In October, MasterCard won’t accept financial responsibility for any counterfeit charges on its debit and credit cards if the transaction happened on a compromised ATM that doesn’t work with EMV or chip-enabled cards, MarketWatch reports. Visa will follow suit in October 2017.

That means that the companies will be holding whichever party has the least secure technology responsible for any bad transactions: the bank that issued the card, the bank that processes the payments made on the card for merchants (like the bar or bodega owner), or the ATM owner.

And if a bank that process payments for the merchants gets hit with counterfeit charge costs, it might pass on that debt to the merchant, which could prompt some small-business owners to cut their losses and get rid of the ATM, some experts say, instead of shelling out the money to upgrade their ATMs.

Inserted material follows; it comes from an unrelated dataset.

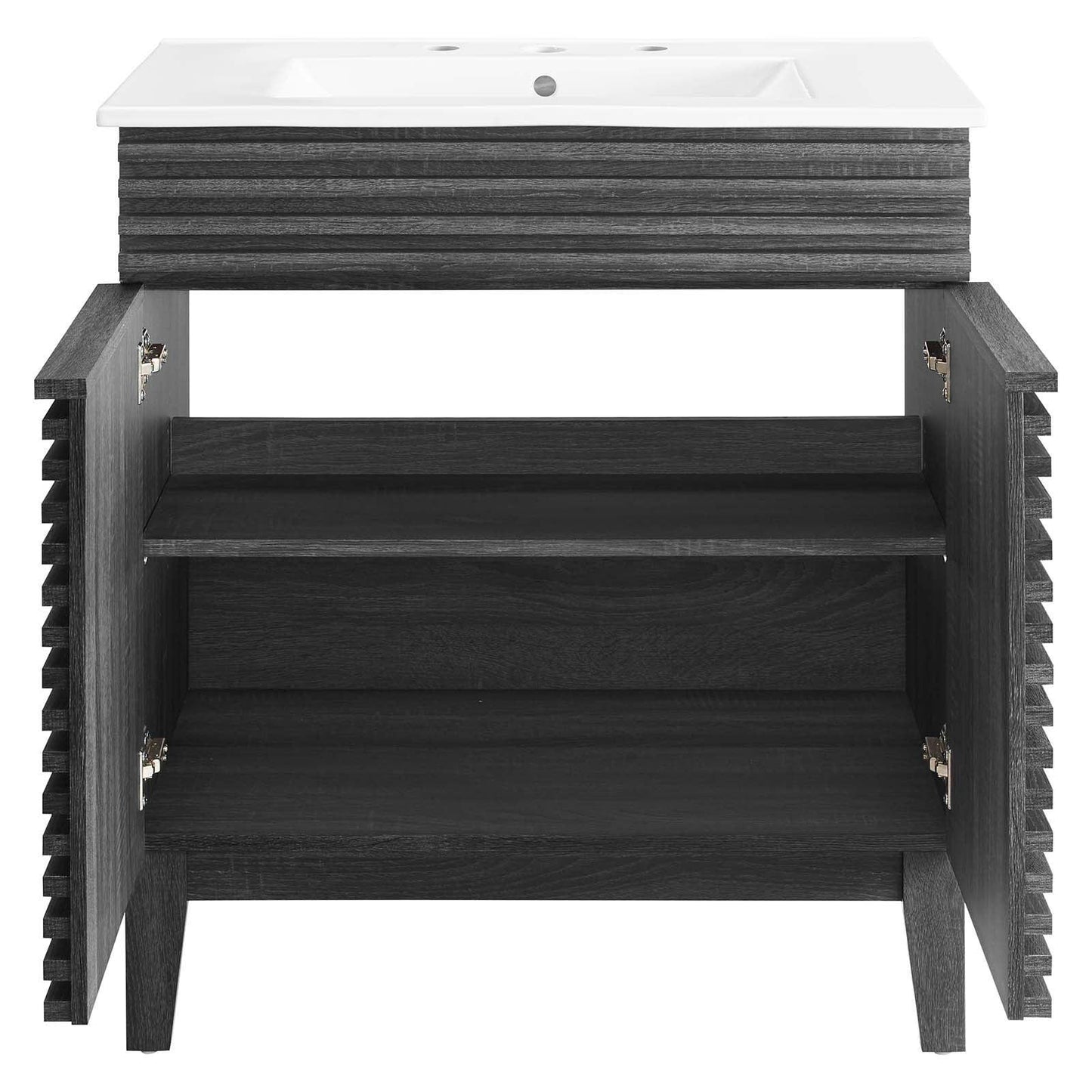 Modway Render 30" Bathroom Vanity Cabinet FredCo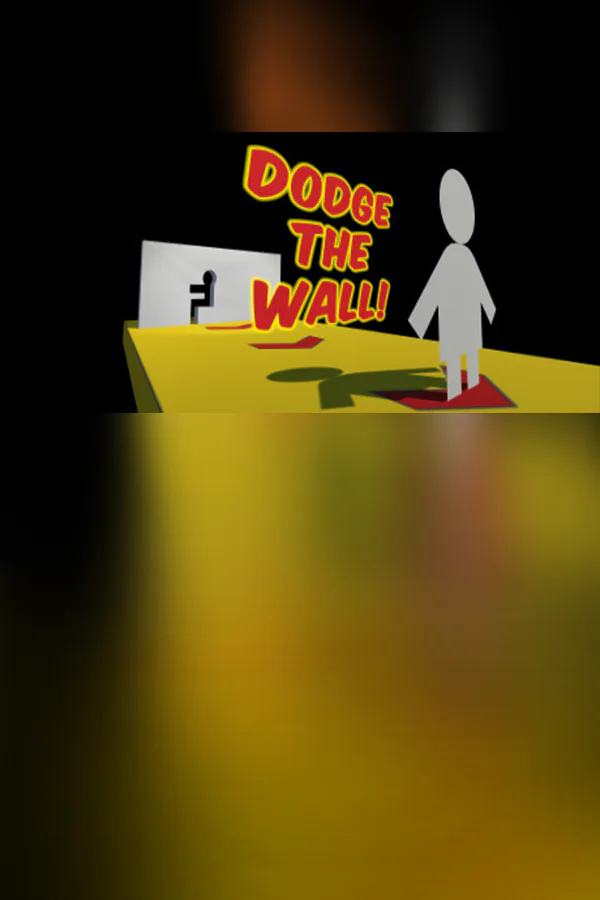 Copertina di Dodge the Wall!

There are more than 400,000 ATMS in the U.S. right now, and more than half of them are run by independent, non-bank companies, David Tente, the executive director of the U.S. and Latin America chapter of the ATM Industry Association, a trade group,tells MarketWatch.

“We don’t expect that more than 2% or 3% of ATMs would be taken out of service or turned off,” he said, which would still amount to 6,000 ATMs shutting down and disappearing in the next two years or so.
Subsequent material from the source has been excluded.